A Global Labor Movement
(Dave Arian: President, Internaitonal Longshore and Warehouse Union (1991-1993)
The gains that were made during the 1980s and 1990s were primarily consolidations of all our equipment operations and all of our maintenance and repair work. And then, Him Spinozas consolidation of the signers jobs, such as the clerks. These were things that happened here in L.A. On the West Coast, we consolidated the jobs we belonged to and the new jobs that evolved as result of technology and the need for equipment repair. You have to look at a number different things you look at the longshore divisions. We had a view of trying to invigorate our work in the international arena. In 1193, it was our first Pacific Rim Dockers conference in San Francisco, trying to rebuild our international connections from that to this. We’ve done a lot of work in the international arena and it paid off for us in 2002.

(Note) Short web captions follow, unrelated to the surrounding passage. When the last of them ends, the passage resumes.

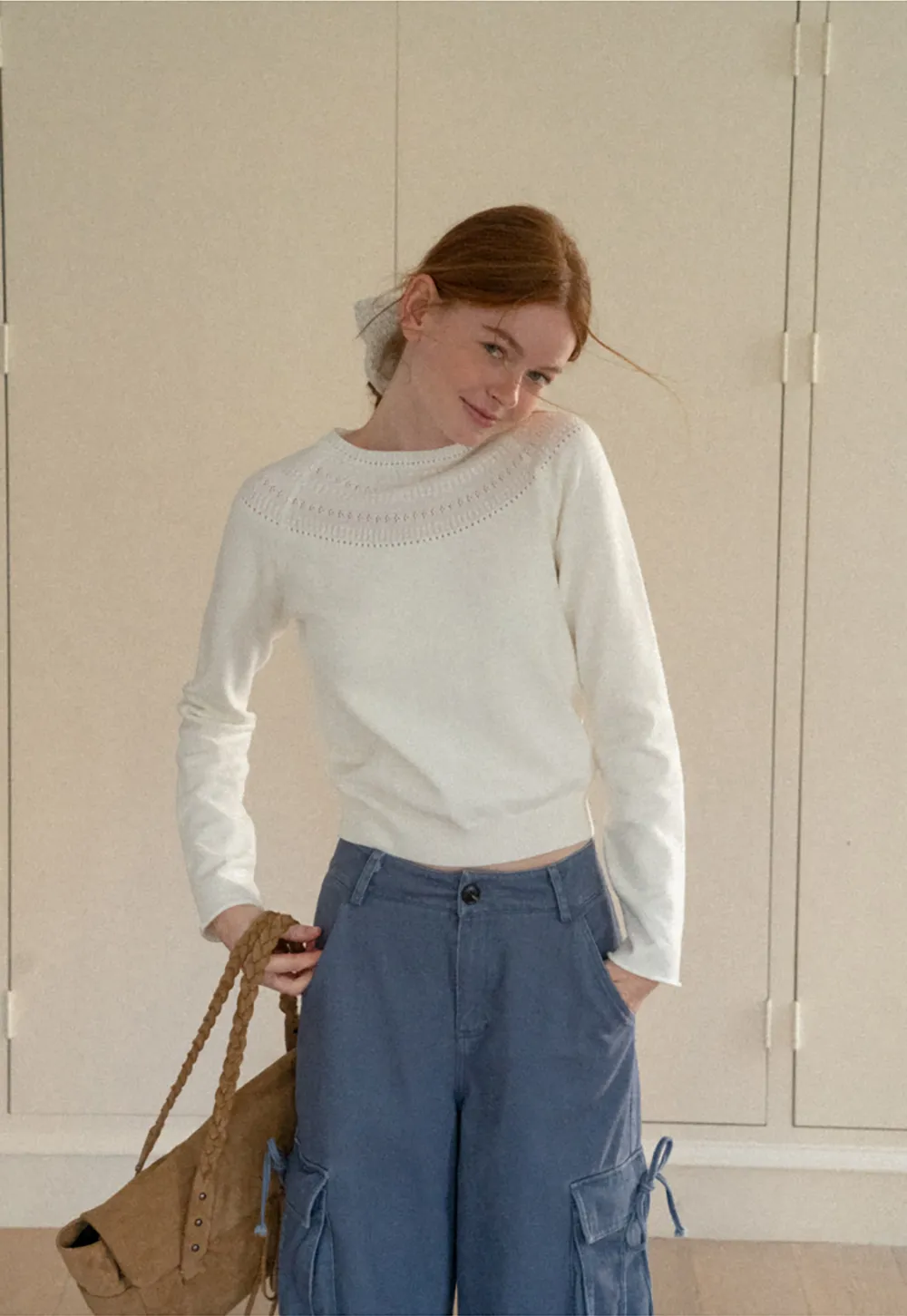 Textured Yoke Detail Woolen Knit Sweater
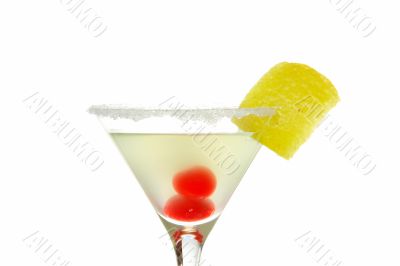 Cocktail with cherries detail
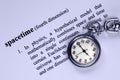 Definition of Spacetime and Pocket Watch Royalty Free Stock Photo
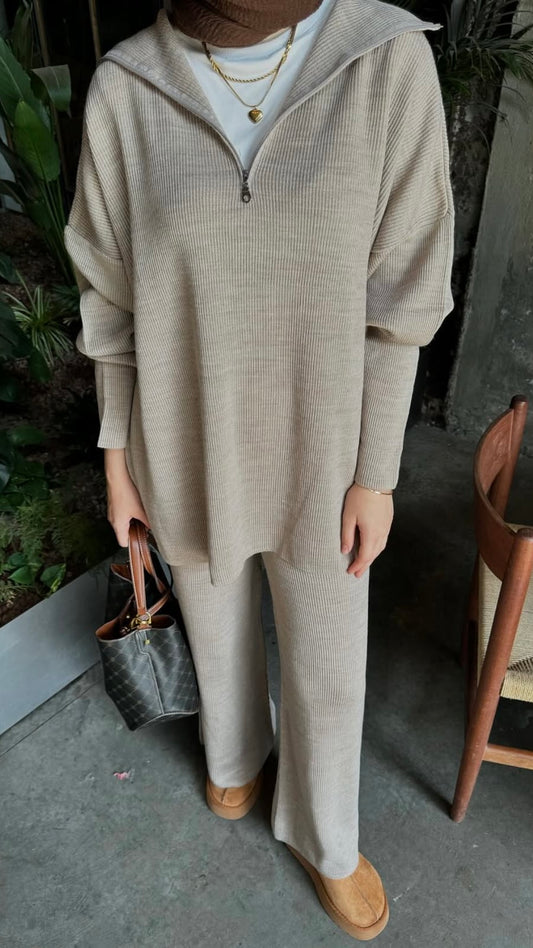 Beige Knit Lounge Set - Zip Hoodie & Wide-Leg Pants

Everything is shifting. You know, in the 70s and 80s we were an industrial based country – auto workers, steel workers, industrial based workers, and garment workers – they are all overseas now. So the whole character of the Labor Movement has changed over the last 20 to 25 years. The Labor Movement has to look toward transportation and logistics. Before, 70 percent of everything we bought was made in America. Now 90 percent of everything we buy at the store is imported.
We are in a situation in American where the working class, and in particular the union working class, has shrunk to the lowest point that it’s ever been, and this is the reality we going to have to face in a global economy.